So, I imagine some of you reading this are thinking, 'I don't mind all that, I actually quite like a bit of popcorn when I watch a film'. But you don't. You might think you do, but you don't. Otherwise you would buy it when you weren't going to the cinema. But you don't. You don't see people down the supermarket loading up the trolley with popcorn. Sweets? Yes. Nachos? Yes. But popcorn? No. On the occasions you do buy it, it's because you're planning to watch a film at home and you want to recreate the experience of the cinema in the comfort of your own house. Why not get strangers to come round and sit behind the sofa kicking it and talking all the way through the film while you're at it?

Relativity, I understand.
Popcorn in cinemas, though?
Madness.

And then there's the noise.
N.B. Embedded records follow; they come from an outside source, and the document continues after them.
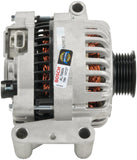 Bosch New Alternator 98AZ10346FA-BOS2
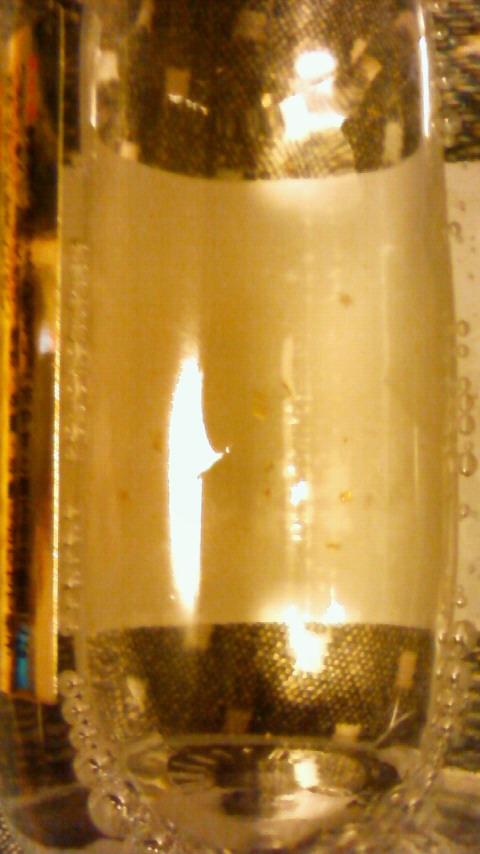200912271925001.jpg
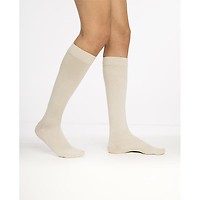 Chaussettes de contention Essentiel Coton Homme Classe 3 SIGVARIS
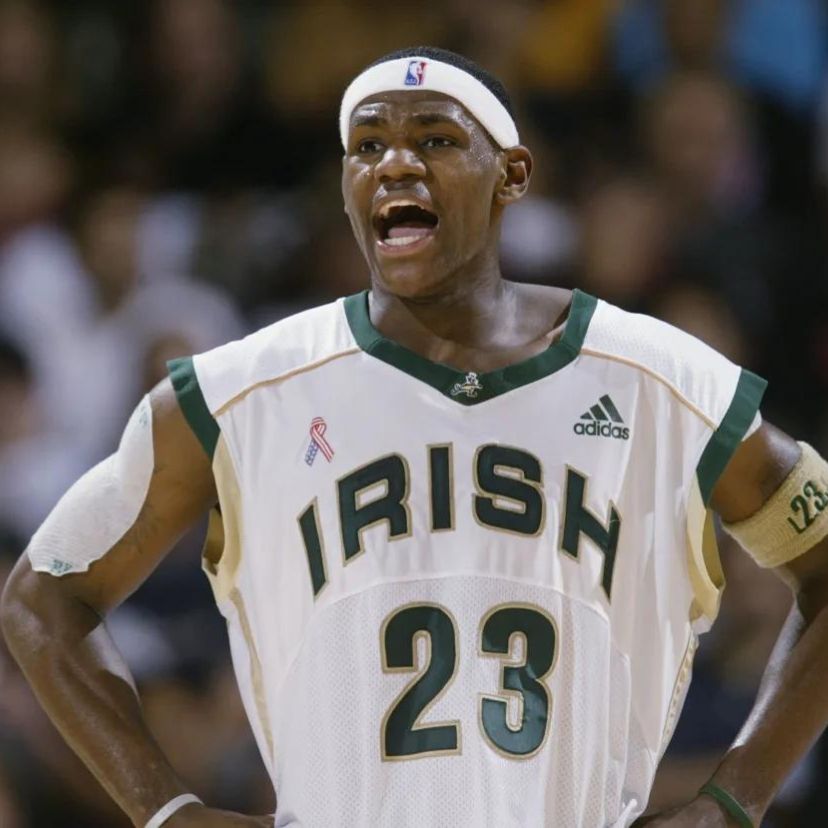 林书豪入选了多少次全明星,林书豪中文水平突飞猛进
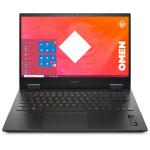 PC portable HP OMEN 15-ek0069nf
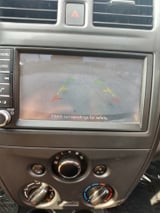 2019 Nissan Versa - Preview 16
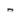 Kuzco Mondrian SF16212 11 Inch LED Semi-Flush Mount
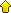 arrow, up icon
It is an enigma that has puzzled and stumped the most brilliant minds of the last century. Why, oh, why do cinemas insist on providing the noisiest food on this planet for eating in a place which relies upon listening carefully to know what's going on in the show? Sure, they have to make money somehow, but why noisy food? If they absolutely have to provide food for the hungry masses, instead of rattling popcorn round in a tub, couldn't they provide quiet food? Jelly on a bed of cotton wool? Marshmallows in velvet bags? Jelly and marshmallows would be cheap and people would eat them too. You're sitting there thinking, 'No way, I hate jelly and marshmallows', but I guarantee you would eat it. Why? Because it would be there. After all, you hate popcorn and you still eat it when you go to the pictures.